What you are asked to do: From the line that contains "Arrow Sports - Solid" through the closing line of the entries, write out each line exactly; pictures stay out.

(Captioned web image data)
-----
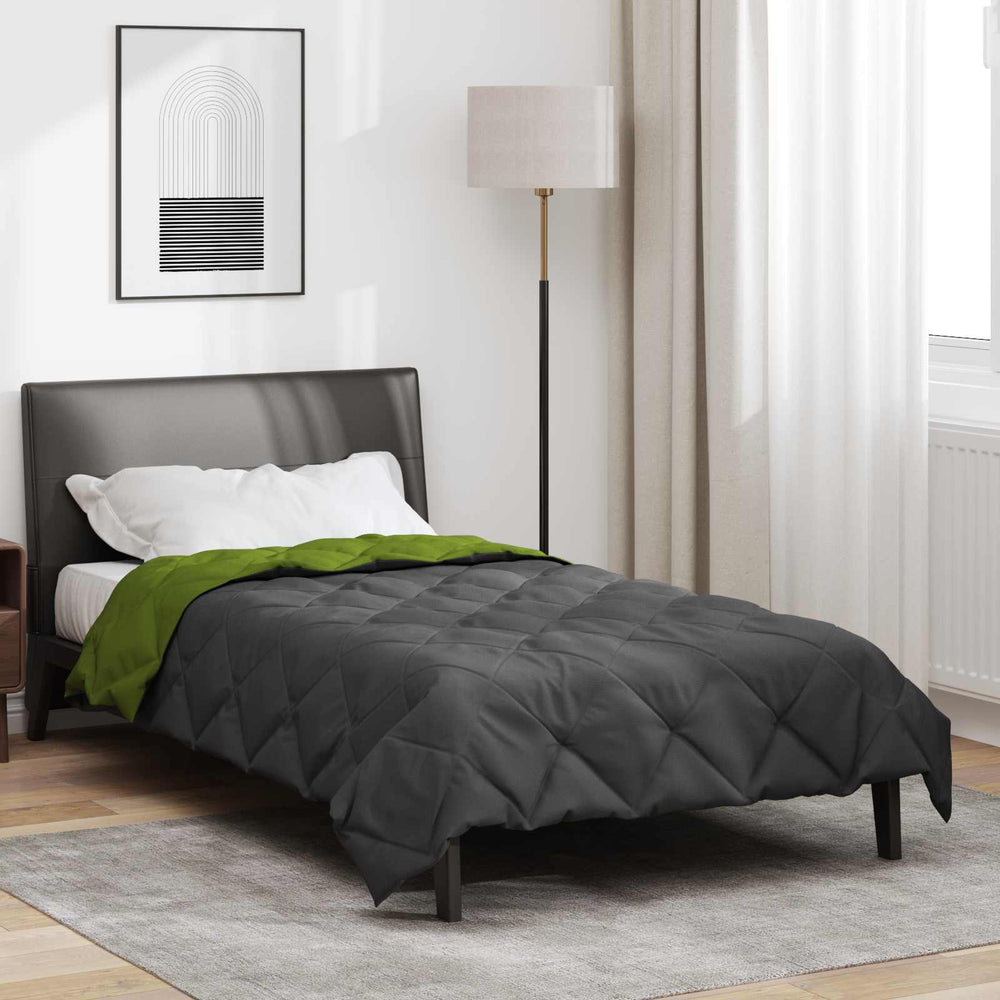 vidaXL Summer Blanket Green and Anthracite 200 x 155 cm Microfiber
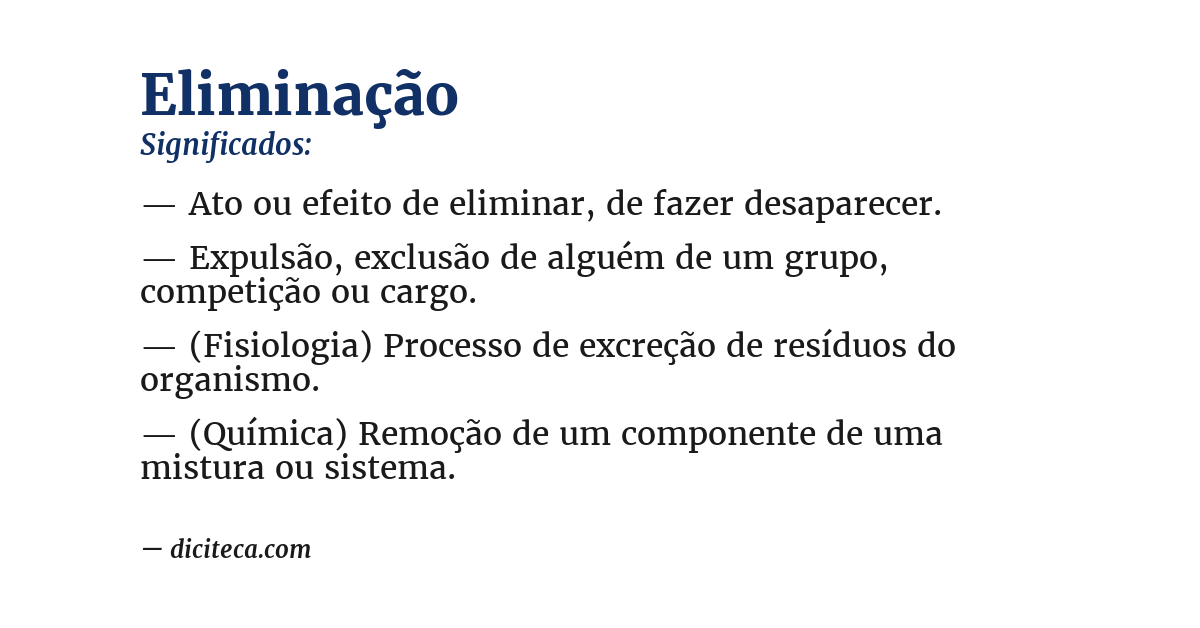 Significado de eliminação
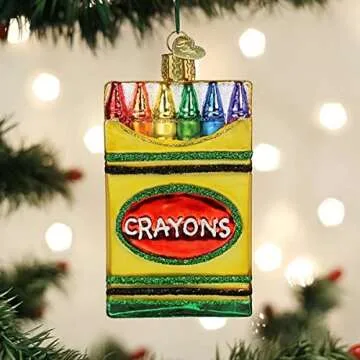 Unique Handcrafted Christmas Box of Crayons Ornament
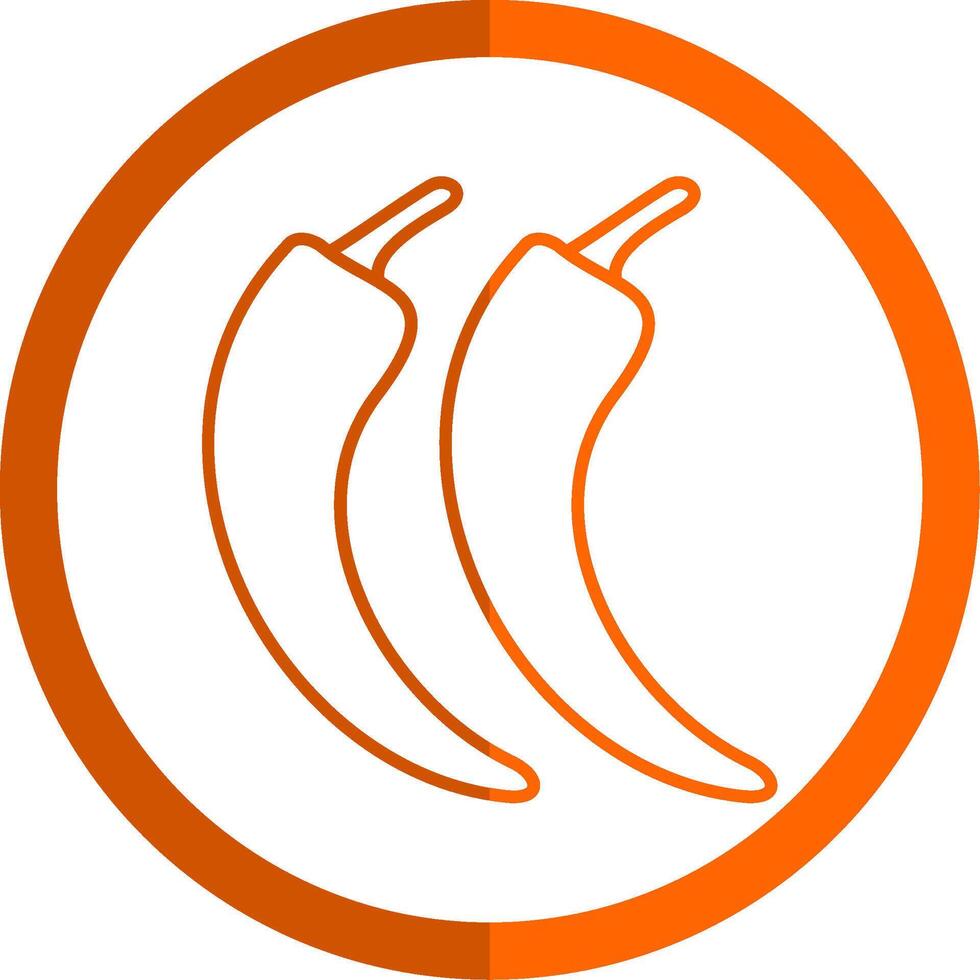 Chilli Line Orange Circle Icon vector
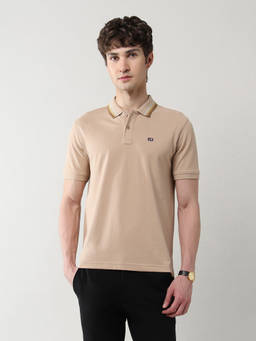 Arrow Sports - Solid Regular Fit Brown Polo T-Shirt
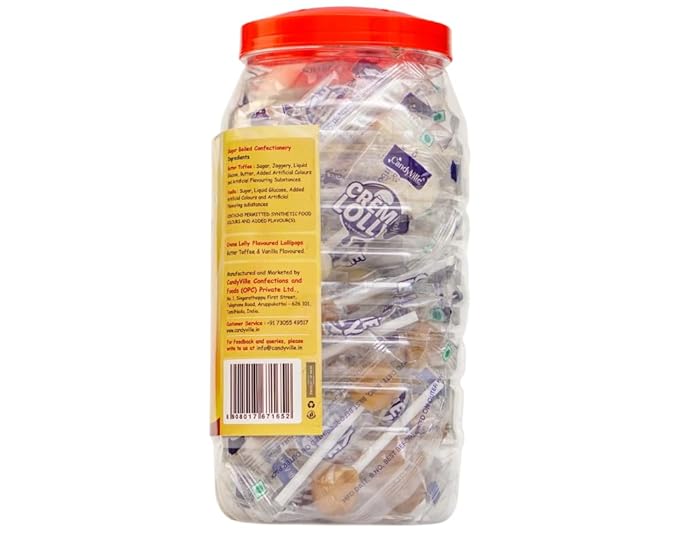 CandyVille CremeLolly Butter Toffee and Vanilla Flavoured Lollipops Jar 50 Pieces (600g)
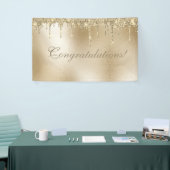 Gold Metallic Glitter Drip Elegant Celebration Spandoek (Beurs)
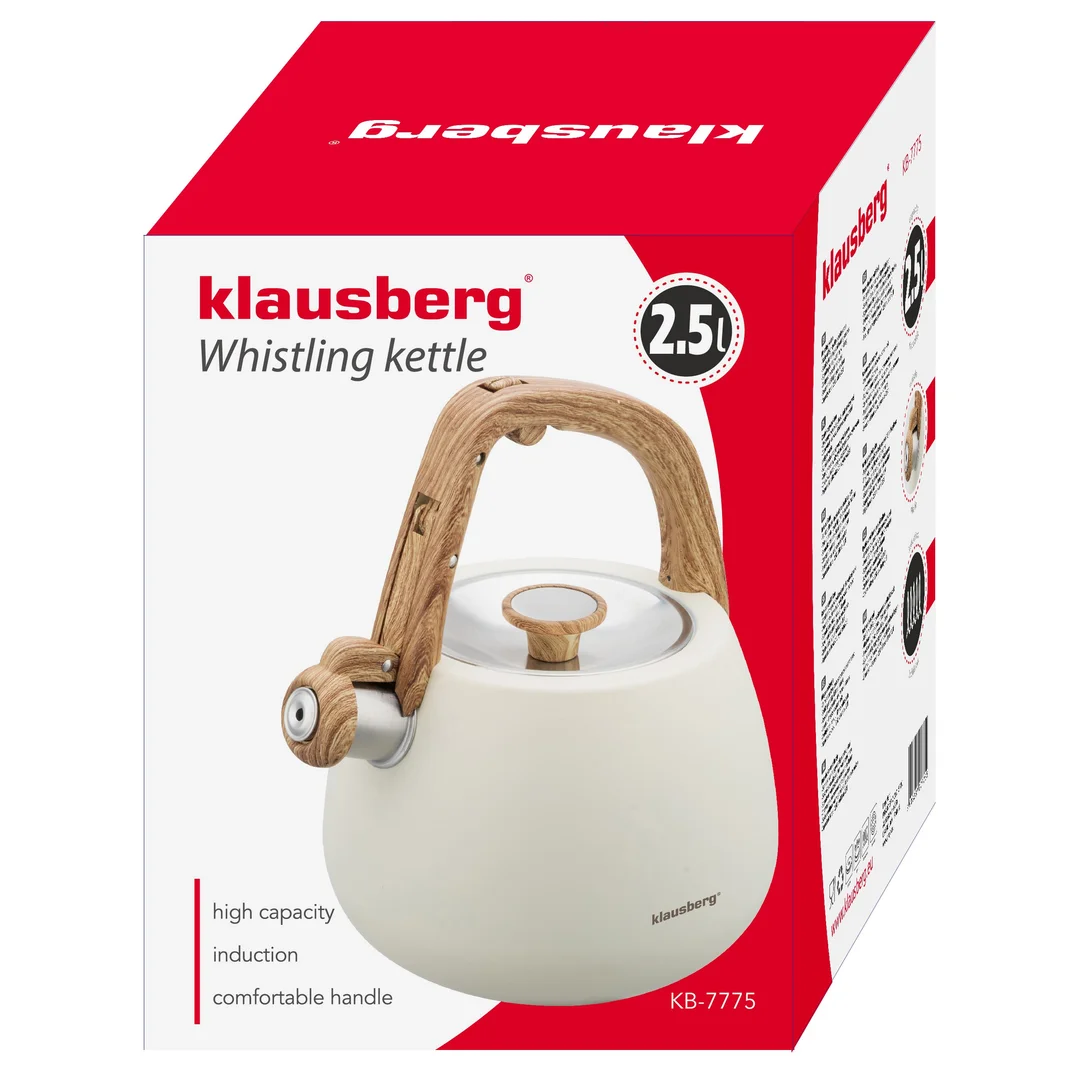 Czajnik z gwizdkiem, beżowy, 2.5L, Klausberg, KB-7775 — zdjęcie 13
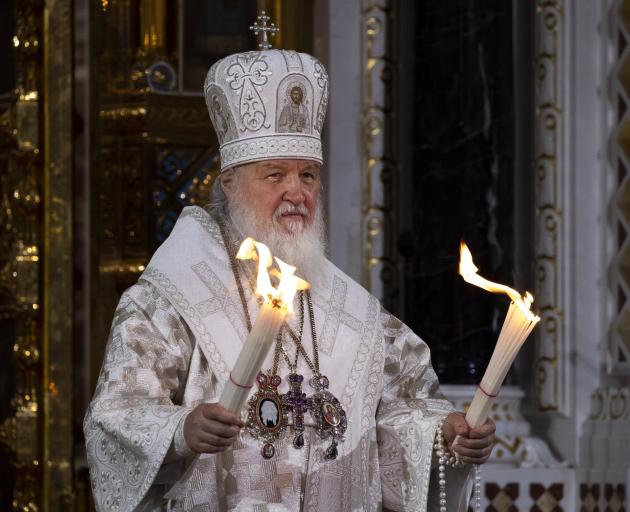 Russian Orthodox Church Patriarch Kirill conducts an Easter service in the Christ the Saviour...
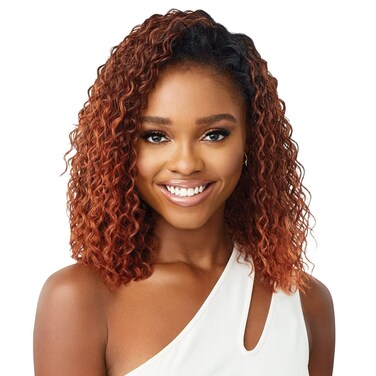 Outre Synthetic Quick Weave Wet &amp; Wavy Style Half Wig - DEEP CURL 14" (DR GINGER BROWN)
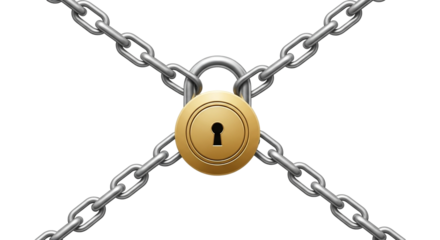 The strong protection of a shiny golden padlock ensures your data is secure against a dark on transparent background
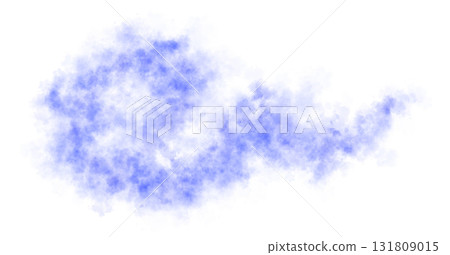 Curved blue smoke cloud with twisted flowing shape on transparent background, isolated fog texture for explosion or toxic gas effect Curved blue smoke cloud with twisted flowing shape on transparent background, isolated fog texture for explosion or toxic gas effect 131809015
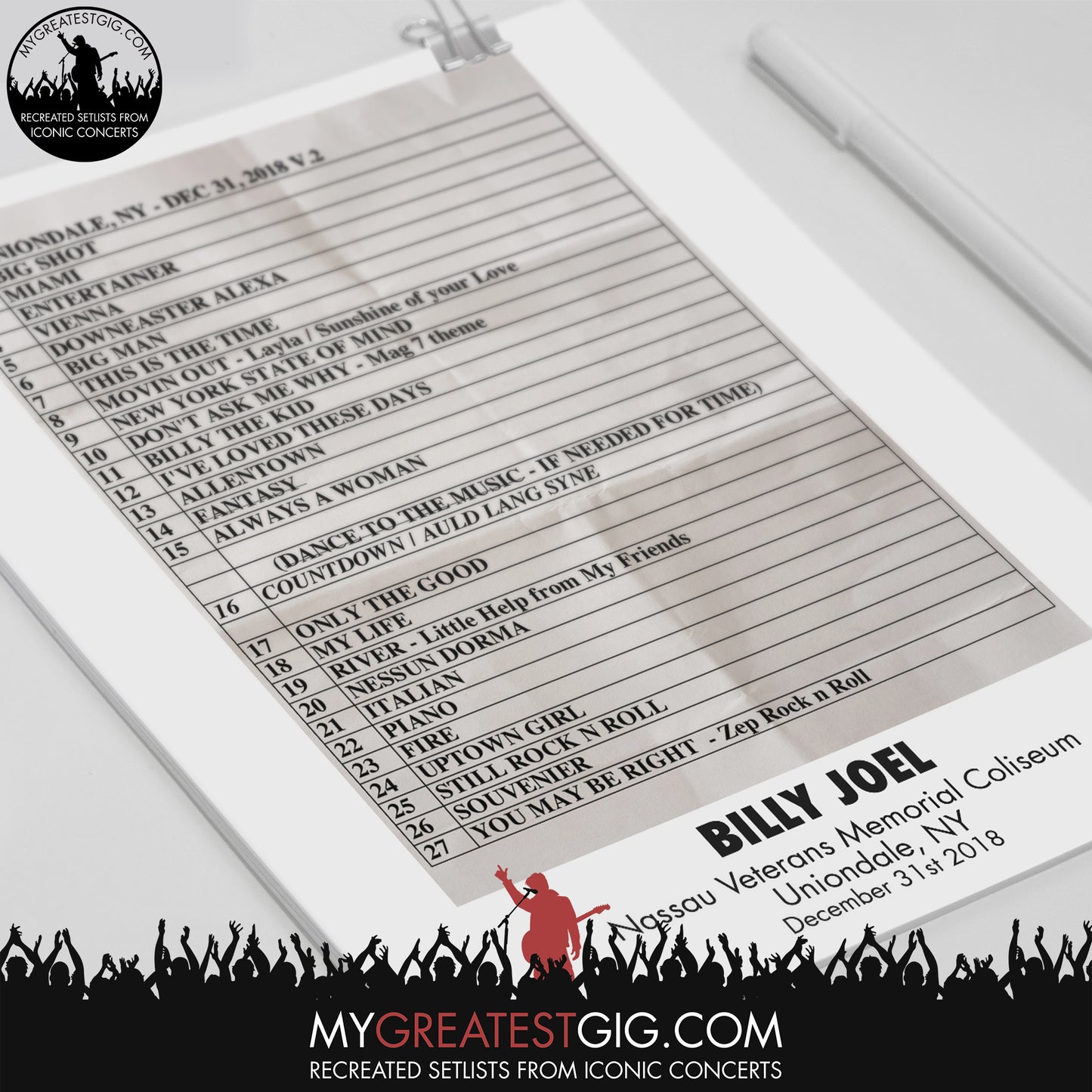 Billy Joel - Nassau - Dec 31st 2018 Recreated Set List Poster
-----
Solution below:
 Arrow Sports - Solid Regular Fit Brown Polo T-Shirt
 CandyVille CremeLolly Butter Toffee and Vanilla Flavoured Lollipops Jar 50 Pieces (600g)
 Gold Metallic Glitter Drip Elegant Celebration Spandoek (Beurs)
 Czajnik z gwizdkiem, beżowy, 2.5L, Klausberg, KB-7775 — zdjęcie 13
 Russian Orthodox Church Patriarch Kirill conducts an Easter service in the Christ the Saviour...
 Outre Synthetic Quick Weave Wet &amp; Wavy Style Half Wig - DEEP CURL 14" (DR GINGER BROWN)
 The strong protection of a shiny golden padlock ensures your data is secure against a dark on transparent background
 Curved blue smoke cloud with twisted flowing shape on transparent background, isolated fog texture for explosion or toxic gas effect Curved blue smoke cloud with twisted flowing shape on transparent background, isolated fog texture for explosion or toxic gas effect 131809015
 Billy Joel - Nassau - Dec 31st 2018 Recreated Set List Poster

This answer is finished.